Como uma reunião de condomínio, as COP (sigla em inglês de “Conferência das Partes”, da Convenção-Quadro das Nações Unidas sobre Mudanças Climáticas) costumam, por vezes, ser enfadonhas, cheias de abreviaturas, termos técnicos, jargões e linguagem diplomática. Mas, também como nas reuniões em nossos prédios, quem não comparece fica de fora de acertos importantes sobre o convívio com os vizinhos. Pior: delega a outros as decisões, sem poder reclamar depois.
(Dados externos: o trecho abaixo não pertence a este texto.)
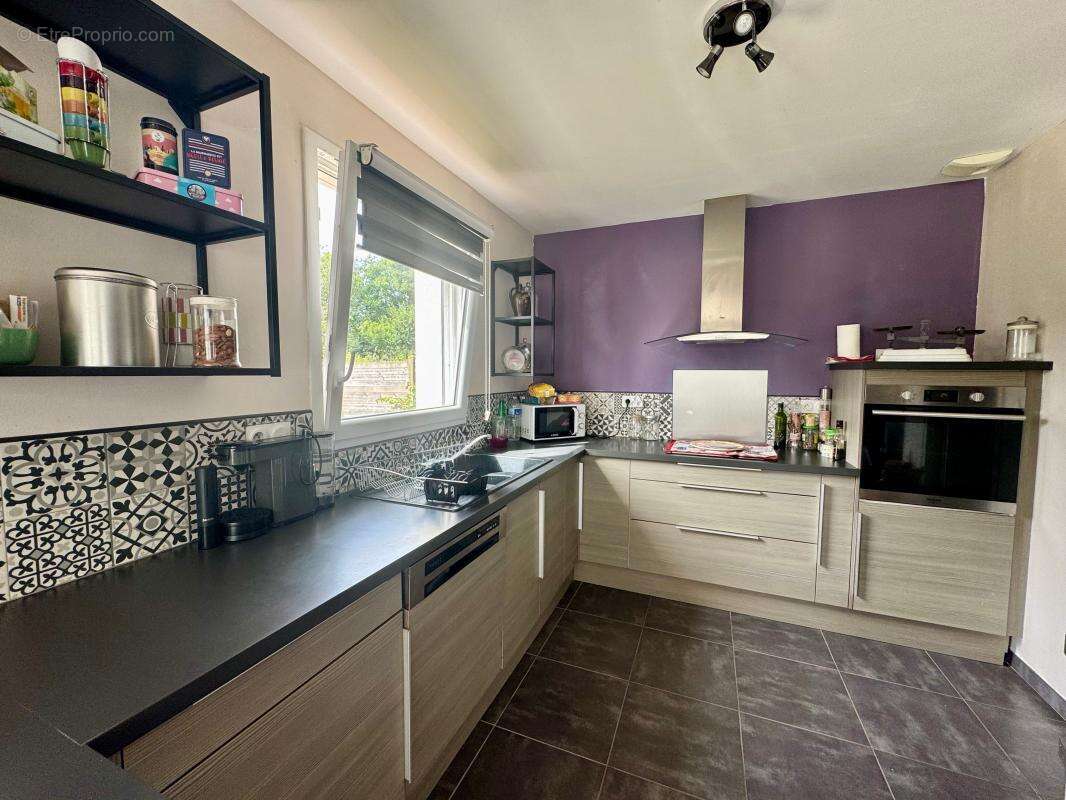 Maison à SAINT-RENAN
A partir deste domingo (6/11), o “condomínio mundo” se reúne no balneário egípcio de Sharm el-Sheikh, entre o deserto da Península do Sinai e o Mar Vermelho, para discutir, na COP27, medidas que impeçam o aumento da temperatura do planeta acima de 1,5ºC em relação aos níveis anteriores à Revolução Industrial. Essa marca é considerada por cientistas o ponto de não retorno, com efeitos devastadores para a vida na Terra.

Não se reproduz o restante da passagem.